山口義宏著「マーケティングと年収のリアル」から〜

ごきげんよう
皆さんお久しぶりです。
さて、出張から戻り久しぶりに朝、会社のデスクに行くと物騒なタイトルの本が置いてありました。
マーケティングの仕事と年収のリアル」と書いてあります。
大切な友人であり、ブランディング戦略の師匠でもある山口義宏さんの新刊です。
クリアーで中の本の表紙が丸見えの封筒で献本いただき、不在がちな私のデスクにしばらく鎮座していたようで社員の人たちも私のデスクの前を通って目にしたことでしょう。
もうこの時点で山口さんの戦略勝ちです。

僕はキャリアをプログラマーからスタートさせたエンジニア出身なので、必要にかられてマーケティングを学んだクチです。
自分の会社自体は多彩な事業は抱えているものの、マーケティング支援領域でのお仕事も多く自分自身も長くマーケティングに関連した仕事をしてきましたし、スタッフにも多くのマーケターを抱えています。
今日は普段お世話になっている御礼を兼ねて山口さんの新著を読んで思ったことを少し書こうと思います。

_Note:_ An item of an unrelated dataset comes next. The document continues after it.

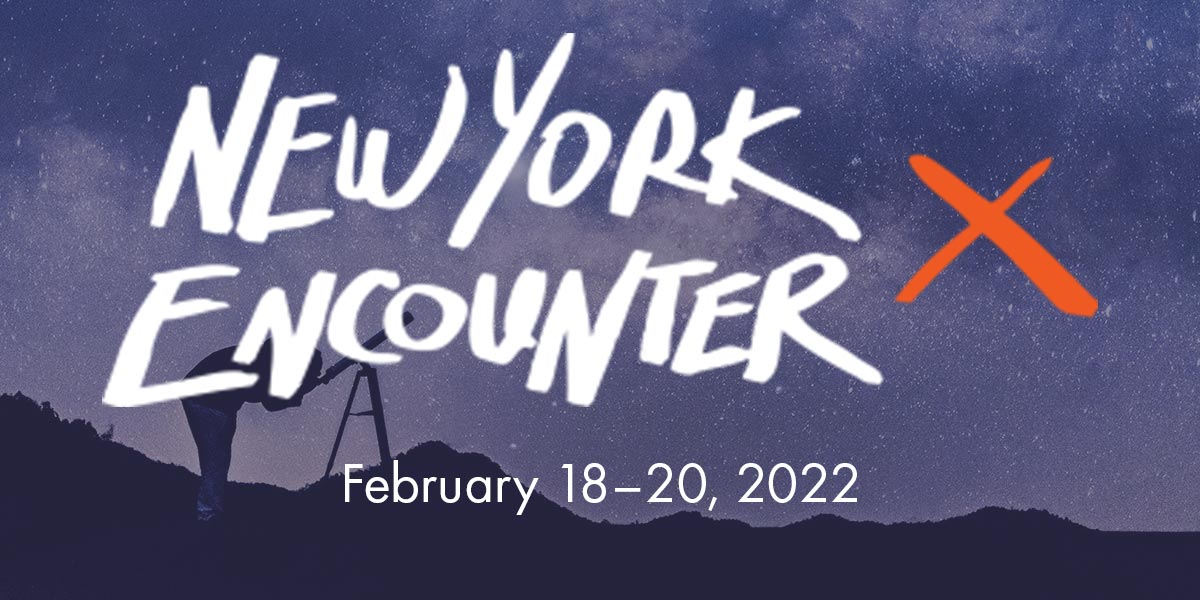 New York Encounter 2022 “This Urge for the Truth”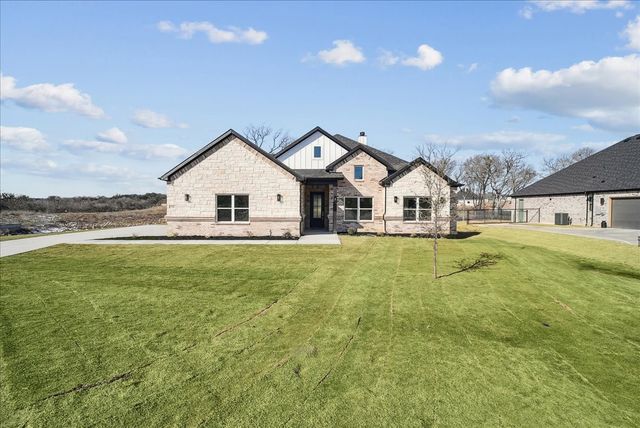 340 Slimp Bluff, Azle, TX 76020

キャリア関連の話は不変の人気コンテンツですが、最近は空前の売り手市場ということもあり、かなりアグレッシブな話もよく目にするようになりました。
とにかく転職を勧めるもの、独立・起業を促すもの、MBAは無駄だという説や、大学へ行くのは無駄だと言うものまであります。

山口さんの本は「年収」を一つの分かりやすい切り口にマーケティングという比較的職業としてフワっとしていたり、玉石混交の領域で自分の職業人生の中のキャリアをどう戦略的に構築するかをわかりやすく解説してくれています。
とてもリアリティがあり、私も業界の「中の人」として納得できる話や、頷く話、それ言われちゃうと困っちゃうな・・・というような話が沢山ありました。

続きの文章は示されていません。